American television producer

Scott Schultz (born September 15, 1971) is an American television producer known for his collaborative work with Christian Jacobs in the creation of the Nick Jr. Channel children's television series Yo Gabba Gabba! and The Hub series The Aquabats! Super Show!.

==The Magic Store==
In 2005, Schultz, Jacobs and Justin Lyon founded the production company The Magic Store, through which they created the original pilots for their preschooler television series. The series was picked up by Nick Jr. in 2007 and found enormous popularity, with Schultz earning nominations for several Daytime Emmys for art direction and costume design. As of 2012, he is also the co-creator and executive producer of The Aquabats! Super Show!.

==Biography==

Schultz is a longtime close friend of Christian Jacobs, as well as a cousin by marriage. The two have worked together on numerous art, music and video projects since the late 1980s.

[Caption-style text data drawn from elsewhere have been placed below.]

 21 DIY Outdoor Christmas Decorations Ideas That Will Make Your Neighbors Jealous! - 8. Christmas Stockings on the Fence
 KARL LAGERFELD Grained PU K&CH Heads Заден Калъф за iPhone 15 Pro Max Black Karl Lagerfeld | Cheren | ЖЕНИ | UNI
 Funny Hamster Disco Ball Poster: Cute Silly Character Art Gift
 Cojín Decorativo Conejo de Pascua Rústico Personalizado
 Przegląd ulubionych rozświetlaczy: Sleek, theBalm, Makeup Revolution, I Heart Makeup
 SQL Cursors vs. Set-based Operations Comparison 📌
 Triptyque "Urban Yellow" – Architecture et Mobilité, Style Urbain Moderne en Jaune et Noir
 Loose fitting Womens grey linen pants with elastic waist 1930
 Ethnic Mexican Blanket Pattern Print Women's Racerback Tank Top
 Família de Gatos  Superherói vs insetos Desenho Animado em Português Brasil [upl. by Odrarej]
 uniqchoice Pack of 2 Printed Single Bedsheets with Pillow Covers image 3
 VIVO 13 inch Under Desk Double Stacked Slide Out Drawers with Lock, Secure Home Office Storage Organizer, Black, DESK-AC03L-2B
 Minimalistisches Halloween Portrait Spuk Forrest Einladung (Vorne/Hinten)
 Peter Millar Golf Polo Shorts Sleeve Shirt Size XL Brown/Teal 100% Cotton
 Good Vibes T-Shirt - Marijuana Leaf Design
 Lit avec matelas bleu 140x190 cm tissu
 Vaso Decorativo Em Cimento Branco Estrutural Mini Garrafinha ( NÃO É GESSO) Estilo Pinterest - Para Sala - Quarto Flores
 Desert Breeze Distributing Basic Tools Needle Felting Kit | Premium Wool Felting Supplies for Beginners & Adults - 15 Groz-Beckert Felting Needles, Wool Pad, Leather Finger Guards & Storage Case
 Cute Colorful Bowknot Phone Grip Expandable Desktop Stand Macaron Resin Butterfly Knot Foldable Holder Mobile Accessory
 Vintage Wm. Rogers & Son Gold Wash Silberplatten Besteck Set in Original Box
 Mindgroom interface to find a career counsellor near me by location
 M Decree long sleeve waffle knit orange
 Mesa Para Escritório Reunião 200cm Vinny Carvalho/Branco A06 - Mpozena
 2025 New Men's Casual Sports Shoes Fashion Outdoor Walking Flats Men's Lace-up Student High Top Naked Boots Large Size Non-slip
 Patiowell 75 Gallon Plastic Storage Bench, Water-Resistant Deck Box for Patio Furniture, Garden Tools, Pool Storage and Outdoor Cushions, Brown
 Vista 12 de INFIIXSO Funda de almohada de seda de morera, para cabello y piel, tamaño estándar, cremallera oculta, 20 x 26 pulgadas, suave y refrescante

As a musician, Schultz began playing guitar in a shoegaze group with Jacobs called The Moon Men, who eventually disbanded when Jacobs left to form The Aquabats in 1994. The following year, Schultz started the indie pop group Majestic, who recorded two albums before going on hiatus in 2001. He has also contributed composing credits to Yo Gabba Gabba!. Schultz has worked behind-the-scenes with Jacobs' band The Aquabats since their inception, having produced, edited and served as art director for many of their video projects, usually under the pseudonym of "The SeaGhost". He is also credited for co-writing the song "Anti-Matter!" on The Aquabats' 1999 album The Aquabats vs. the Floating Eye of Death!.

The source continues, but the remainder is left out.